Exercise prompt:
Return every line below in which "Court" appears.

[Scraped caption text data]
◇ ◇ ◇

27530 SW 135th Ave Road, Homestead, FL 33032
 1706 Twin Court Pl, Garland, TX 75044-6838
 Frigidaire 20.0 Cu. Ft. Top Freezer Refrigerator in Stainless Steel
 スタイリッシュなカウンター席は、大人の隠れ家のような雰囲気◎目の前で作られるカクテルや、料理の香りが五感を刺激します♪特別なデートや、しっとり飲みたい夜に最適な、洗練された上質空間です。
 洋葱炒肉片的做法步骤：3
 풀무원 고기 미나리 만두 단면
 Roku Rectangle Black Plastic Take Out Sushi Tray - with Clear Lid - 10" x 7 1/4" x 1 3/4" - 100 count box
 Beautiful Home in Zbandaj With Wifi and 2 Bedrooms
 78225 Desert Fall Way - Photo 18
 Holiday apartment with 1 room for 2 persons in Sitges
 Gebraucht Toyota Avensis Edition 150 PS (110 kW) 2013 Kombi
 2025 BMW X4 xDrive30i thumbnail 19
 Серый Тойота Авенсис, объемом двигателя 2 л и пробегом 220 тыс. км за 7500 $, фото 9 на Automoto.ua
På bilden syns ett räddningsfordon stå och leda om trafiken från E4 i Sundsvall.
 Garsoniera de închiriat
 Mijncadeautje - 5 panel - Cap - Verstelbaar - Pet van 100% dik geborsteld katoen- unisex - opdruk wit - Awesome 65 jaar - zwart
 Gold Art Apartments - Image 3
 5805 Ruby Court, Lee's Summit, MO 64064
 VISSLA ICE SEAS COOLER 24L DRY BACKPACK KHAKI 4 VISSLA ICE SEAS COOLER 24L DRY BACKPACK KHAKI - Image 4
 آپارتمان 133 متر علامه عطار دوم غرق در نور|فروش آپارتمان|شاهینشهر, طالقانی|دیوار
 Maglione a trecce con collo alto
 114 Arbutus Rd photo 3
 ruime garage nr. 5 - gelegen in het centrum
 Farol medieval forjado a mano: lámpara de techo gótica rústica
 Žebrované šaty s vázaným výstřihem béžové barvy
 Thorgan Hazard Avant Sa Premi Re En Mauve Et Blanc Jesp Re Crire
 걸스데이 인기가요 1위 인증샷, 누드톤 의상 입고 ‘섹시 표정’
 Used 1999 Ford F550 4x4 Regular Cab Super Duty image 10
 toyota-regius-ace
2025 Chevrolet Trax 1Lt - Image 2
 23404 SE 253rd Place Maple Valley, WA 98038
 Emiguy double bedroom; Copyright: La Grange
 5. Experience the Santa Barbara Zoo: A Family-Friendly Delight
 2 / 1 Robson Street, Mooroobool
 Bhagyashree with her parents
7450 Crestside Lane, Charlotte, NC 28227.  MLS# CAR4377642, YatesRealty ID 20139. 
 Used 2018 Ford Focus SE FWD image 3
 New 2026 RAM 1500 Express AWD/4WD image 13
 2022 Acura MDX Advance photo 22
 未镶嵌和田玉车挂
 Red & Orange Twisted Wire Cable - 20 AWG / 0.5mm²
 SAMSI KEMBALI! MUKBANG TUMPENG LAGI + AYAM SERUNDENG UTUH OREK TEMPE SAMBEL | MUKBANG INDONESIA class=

◇ ◇ ◇

Written answer:
 1706 Twin Court Pl, Garland, TX 75044-6838
 5805 Ruby Court, Lee's Summit, MO 64064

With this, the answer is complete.